Republicans hold a 99-51 edge in the Texas House — enough of a majority for them to pass almost anything without needing support from Democrats. It's an edge that many in the GOP, including state Sen. Dan Patrick, R-Houston, see as a specific mandate to advance conservative legislative priorities.
"Obviously there are more votes on the conservative side of the ledger," Patrick says. "And so issues, particularly dealing with immigration, may finally move forward."
Patrick believes the House should also easily pass long-stalled a bill requiring a picture ID to vote and make redistricting go more smoothly. Those debates will still be highly partisan and contentious, but with the fewest votes in their party's history, there's only so much Democrats can do.
But that’s the House; the Texas Senate is another matter entirely. The rules in the upper chamber still require two-thirds of the members to agree to bring a bill up for vote. That's 21 out of 31 — and there are only 19 Republicans in the Senate. So Democratic senators could, if they wanted to, block every Republican bill.
Patrick doesn't think voters are going to accept the two-thirds rule as an excuse for a failed Republican agenda. "I don't think the Senate should be or can be in a position to say, 'The overwhelming majority of Texans voted for conservative Republicans and we’re going to let 12 Democrats block everything that the people want,'" he says.

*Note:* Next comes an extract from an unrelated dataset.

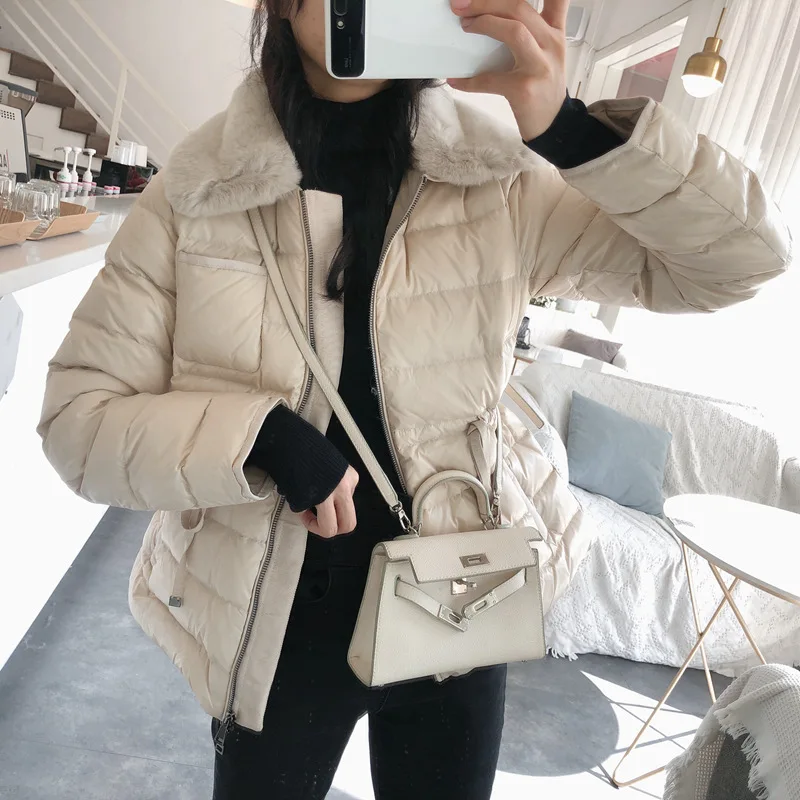 High-End Lightweight down Jacket Women's Short Fashionable Stylish Rabbit Fur Collar Small Waist Slimming 90 Velvet Thickened Co
High-End Lightweight down Jacket Women's Short Fashionable Stylish Rabbit Fur Collar Small Waist Slimming 90 Velvet Thickened Co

Patrick wants to change the rule to from two-thirds to 60 percent, dropping the number of votes needed to bring up a bill to just 18. He only needs 16 votes to change the rule when the Senate convenes in January, and he says he’s already got six or seven so far.
Mark Jones, chairman of the Department of Political Science at Rice University, thinks a change to the rule could be shortsighted. It could allow ultra-conservative bills to become law — and that could hurt the GOP at the ballot box in the future.
"I think [Patrick] is interested far more in getting the numbers that will allow him to do what he wants to do this session," Jones says. "I don’t think he’s thinking in terms of the long term. In particular, it's pretty clear he doesn't think about the long-term health of the Republican Party when he supports some of the very anti-immigrant legislation."
Senate Republicans took a small step toward Patrick's proposal at the start of the 2009 session: They voted to exempt a controversial voter ID bill from the two-thirds rule. The bill passed the Senate, only to die in the Texas House when Democrats blocked it with a multi-day filibuster.